Crónica
A velhice é uma conquista
Sempre achei que as palavras “Avô” ou “Avó” deviam começar obrigatoriamente por letra maiúscula. Se o mesmo deve acontecer com outros níveis de parentesco, não sei. Talvez “Mãe” e “Pai” também, mas “Avô” e “Avó” escritos “avô” e “avó”, nunca. Até custa deixá-los assim, porque a importância dos Avós é maior do que a de mais alguém.
Chamamos aos mais pequenos “crianças” e não “infantis”. Há nesse trato amabilidade e o reconhecimento da inocência e da pureza, que superam a pouca desenvoltura ou a imaturidade. É por isso que não gosto da palavra “idoso”. Ainda menos da palavra “sénior”. Há no “velho” um realismo amável e homenageante. Entre excessos, doenças ou meros infortúnios, tudo nos pode acontecer. A idade é uma conquista, chegar a velho é sinal de resistir.
Quem chegou agora a velho, no meio de uma pandemia, está a desfrutar dessa conquista fechado entre quatro paredes, impedido de estar com os netos. A boca, tão usada para os beijos infinitos aos pequenos e para as conversas intermináveis com as vizinhas, está tapada por uma máscara. Apesar do coração fraco, dos diabetes ou de problemas oncológicos, há quem morra de solidão. Quem envelhece não merece a falta de companhia, não merece as rugas, não merece as doenças. Não merece os ossos fracos e as costas curvadas e o cansaço imediato. Essas infelicidades deviam ser o castigo de quem comete crimes, quem insulta, quem não ajuda, esses sim deviam envelhecer, independentemente da idade, alguém dizer
– Alto!
e envelheciam em flagrante delito. Enrugavam, adoeciam, contorciam-se de dor até que o arrependimento os fizesse mudar.
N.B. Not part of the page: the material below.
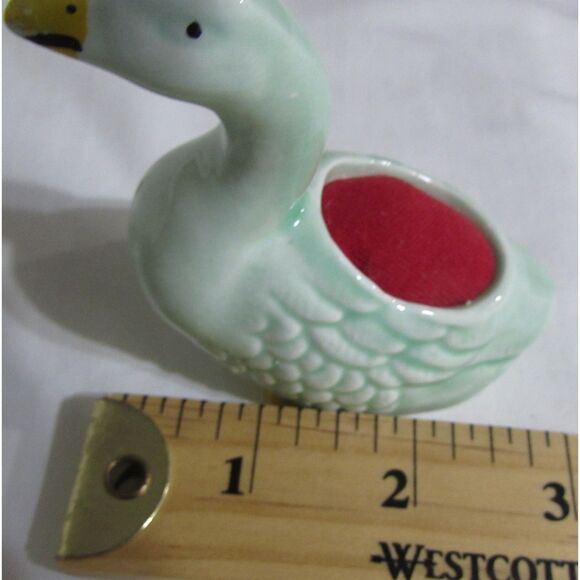 Vintage Ceramic duck goose mint green pin cushion sewing box needles pins - Picture 6 of 7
Eu, que tenho vinte anos, sinto-me eterno e insuperável. Alguém nos devia avisar, mal nascemos, que os anos passam sem nós darmos por eles. É nesta idade, quando se é miúdo ainda
(com vinte anos ainda somos tão miúdos)
que se têm as paixões mais fortes, com o desconhecimento total de que a maior paixão é a dos Avós. Só eles concentram totalmente o amor incondicional.
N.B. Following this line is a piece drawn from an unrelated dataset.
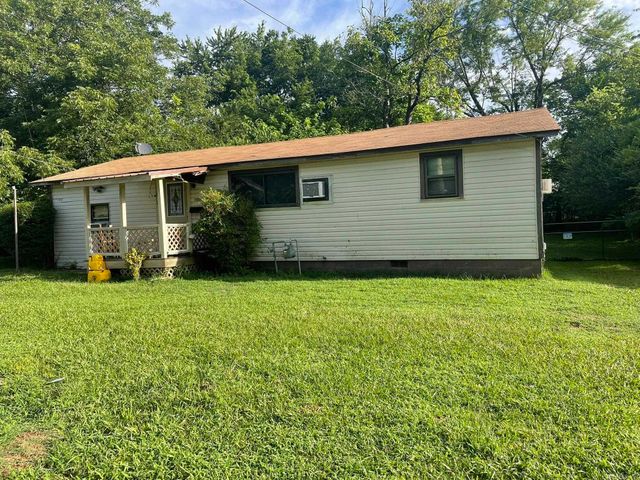 1001 Marion Avenue, Mena, AR 71953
Os netos são quem menos anos passam com os Avós e nem todos têm a sorte de os conhecer. Conhecem os irmãos como ninguém, estão condenados a aturar os tios chatos durante sabe-se lá quantos anos, mas com quem menos tempo passam é com os Avós, que são quem mais tem para dar e contar.
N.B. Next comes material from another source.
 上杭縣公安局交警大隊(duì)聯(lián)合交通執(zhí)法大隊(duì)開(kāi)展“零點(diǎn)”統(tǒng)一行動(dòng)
Olhamos para o humano como uma máquina: a fonte de constante produtividade que em caso de falha ou pausa se torna obsoleta. O que mais acompanha o nome de uma pessoa é a sua profissão, não quem ela verdadeiramente é, porque as profissões mudam como a orientação do vento. É por isso que o respeito pelos mais velhos é cada vez menor. Não reconhecemos neles utilidade produtiva. São obsoletos. Mas não há maior utilidade do que ainda saber ser feliz.